**Source material**:
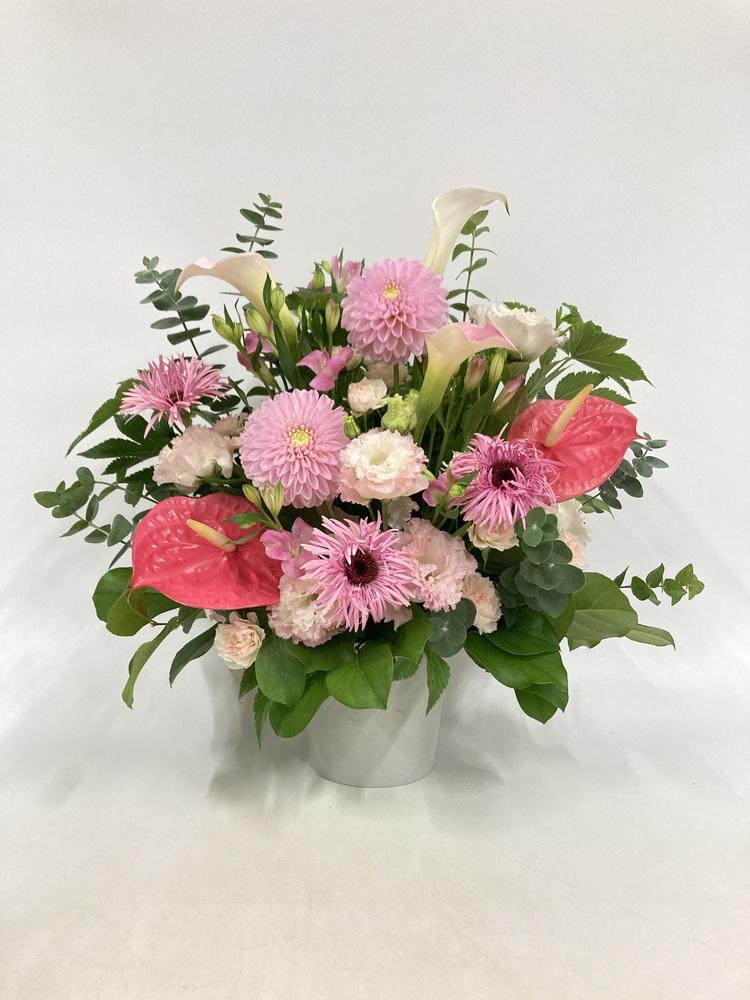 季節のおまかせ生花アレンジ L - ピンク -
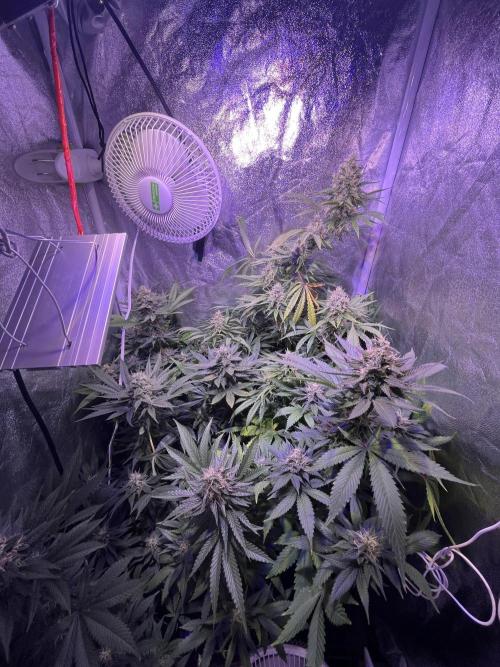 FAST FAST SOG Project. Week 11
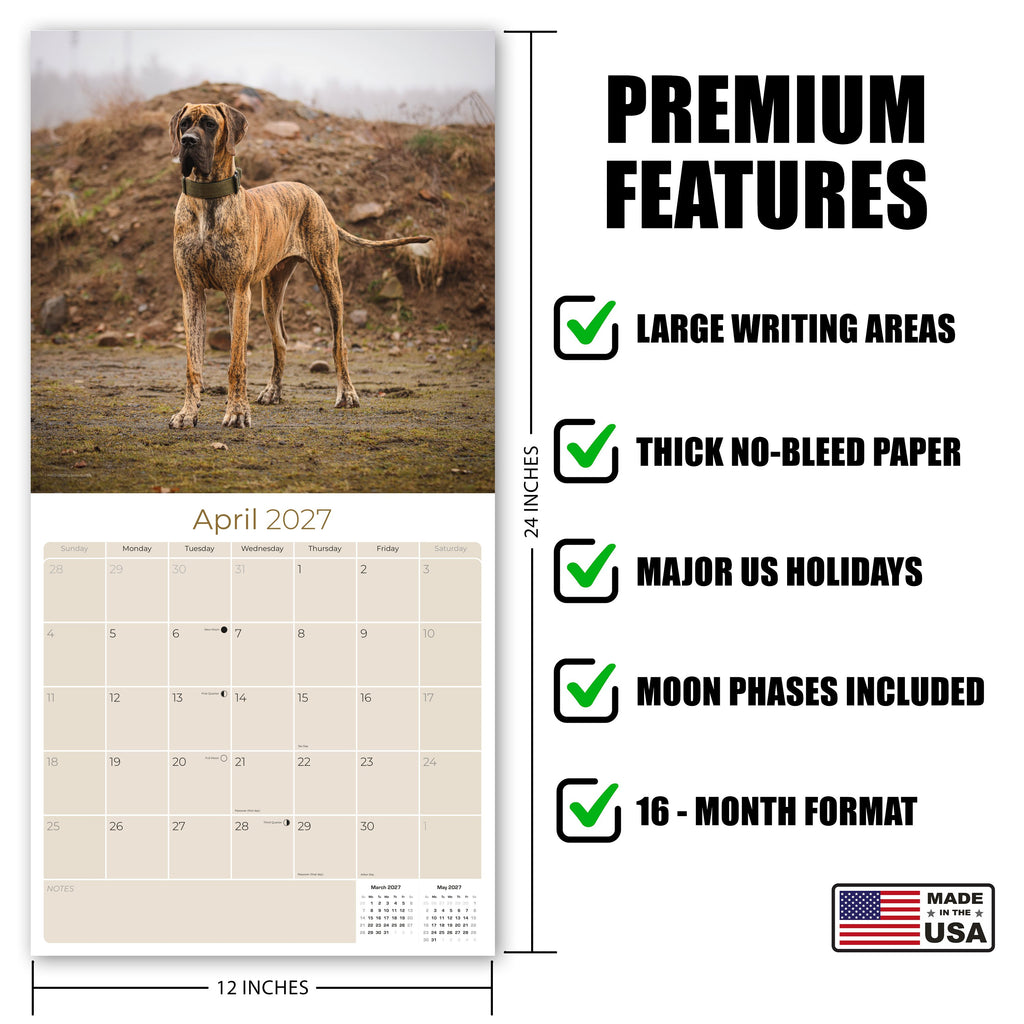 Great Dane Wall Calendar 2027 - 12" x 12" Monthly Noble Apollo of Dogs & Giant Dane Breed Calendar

**Action item**: Transcribe the data verbatim. No picture belongs in the result.

**Answer box**:
 季節のおまかせ生花アレンジ L - ピンク -
 FAST FAST SOG Project. Week 11
 Great Dane Wall Calendar 2027 - 12" x 12" Monthly Noble Apollo of Dogs & Giant Dane Breed Calendar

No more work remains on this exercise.